After you complete the preceding operations to enable the ENI-based direct connection, you must add security rules to the target service. These rules authorize the security group representing MaxCompute to access specific service ports, such as 9200 and 31000.

For example, to access ApsaraDB RDS, you must add a rule to ApsaraDB RDS that allows access from the security group that you created in Step 2. If the service that you want to access supports only IP addresses instead of security groups, you must add the entire CIDR block of the vSwitch where the target service resides.

  • Configure the security group for the Hadoop cluster.

    • Configure the following information for the security group of the Hadoop cluster to ensure that MaxCompute can access the cluster.

      • Configure the inbound access rules for the security group in which the Hadoop cluster resides.

      • The authorization object is the security group that you created in Step 2 for the ENI.

      • Hive Metastore port: 9083

      • HDFS NameNode port: 8020

      • HDFS DataNode port: 50010

    • For example, when you connect to a Hadoop cluster that is created on Alibaba Cloud E-MapReduce, you must configure the security group rules as described above. For more information, see Create a security group.

  • Configure the security group for the HBase cluster.

    • Add the security group that is created for MaxCompute or the ENI IP address to the security group or IP address whitelist of the HBase cluster.

    • For example, when you connect to an Alibaba Cloud HBase cluster:

      1. Log on to the HBase Management Console. In the upper-left corner, select a region.

      2. In the navigation pane on the left, select Clusters.

      3. On the Clusters page, click the name of the target cluster.

      4. In the navigation pane on the left, select Access Control.

      5. On the Whitelist Setting and Security Group tabs, you can click Add Whitelist or Add Security Group. If you cannot add a security group, add the ENI's IP address on the Whitelist Setting tab. Because ENI IP addresses can change if the MaxCompute configuration is modified, we recommend that you add the CIDR block of the vSwitch to the whitelist.

    For more information about how to add a security group or IP address whitelist, see Set whitelists and security groups.

  • Configure the security group for ApsaraDB RDS.

    • Add the security group that is created for MaxCompute or the ENI IP address to the ApsaraDB RDS security group or IP address whitelist.

    • For example, when you connect to an ApsaraDB RDS instance:

      1. 登录RDS 控制台

      2. 在左侧导航栏,选择Instances,在左上角选择地域。

      3. 在左侧导航栏,单击Whitelist and SecGroup

      4. On the Whitelist Settings and Security Group tabs, add an IP address whitelist or a security group. Because the ENI IP address may change if the MaxCompute configuration is modified, we recommend that you add the CIDR block of the vSwitch to the whitelist.
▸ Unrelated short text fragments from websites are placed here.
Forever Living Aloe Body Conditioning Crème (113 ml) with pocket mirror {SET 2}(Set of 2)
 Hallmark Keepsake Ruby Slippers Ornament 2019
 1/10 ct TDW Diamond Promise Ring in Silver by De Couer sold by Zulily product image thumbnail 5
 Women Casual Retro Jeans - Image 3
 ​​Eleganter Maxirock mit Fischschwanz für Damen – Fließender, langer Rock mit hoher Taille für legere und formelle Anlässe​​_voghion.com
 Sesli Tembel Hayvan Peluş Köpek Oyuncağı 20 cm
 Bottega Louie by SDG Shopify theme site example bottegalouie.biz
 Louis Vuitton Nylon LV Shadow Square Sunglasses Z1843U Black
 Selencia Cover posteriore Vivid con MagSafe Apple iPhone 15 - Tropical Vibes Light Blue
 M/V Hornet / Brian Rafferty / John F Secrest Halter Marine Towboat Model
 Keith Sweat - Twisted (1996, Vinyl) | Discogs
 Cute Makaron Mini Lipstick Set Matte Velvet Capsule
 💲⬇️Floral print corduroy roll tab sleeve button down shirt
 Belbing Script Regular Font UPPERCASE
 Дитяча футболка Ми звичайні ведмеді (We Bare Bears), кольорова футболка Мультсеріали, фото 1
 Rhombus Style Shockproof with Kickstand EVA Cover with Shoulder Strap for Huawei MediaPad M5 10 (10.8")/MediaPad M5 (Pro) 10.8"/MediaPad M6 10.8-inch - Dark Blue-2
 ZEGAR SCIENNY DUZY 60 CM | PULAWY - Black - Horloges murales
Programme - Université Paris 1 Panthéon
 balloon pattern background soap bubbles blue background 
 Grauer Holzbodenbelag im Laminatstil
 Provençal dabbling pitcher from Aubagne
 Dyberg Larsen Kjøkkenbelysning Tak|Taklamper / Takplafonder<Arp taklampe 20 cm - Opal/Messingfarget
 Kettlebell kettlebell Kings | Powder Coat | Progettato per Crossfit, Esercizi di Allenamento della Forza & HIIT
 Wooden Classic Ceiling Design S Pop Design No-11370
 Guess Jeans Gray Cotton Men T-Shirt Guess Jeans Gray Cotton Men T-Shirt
    For more information about how to add a security group or an IP address whitelist, see Configure a security group or Configure an IP address whitelist.

Step 3: Access VPC resources

After you create the direct network connection, you must add the following configurations to access the VPC network using SQL or Spark.

For other types of jobs, adjust the configurations based on the job type.

SQL access

Spark access

使用Spark访问VPC网络时,在完成上述开通专线网络连接操作后,需要在spark-defaults.confDataWorks配置项中增加以下配置项:

spark.hadoop.odps.cupid.eni.enable = true
# The format is regionid:vpcid, where vpcid is the ID of the target VPC used when creating the network connection.
spark.hadoop.odps.cupid.eni.info = regionid:vpc-**********

(Optional) Step 4: Configure the whitelist

If your server has access control enabled, you must add the security group for the direct network connection to the server's whitelist.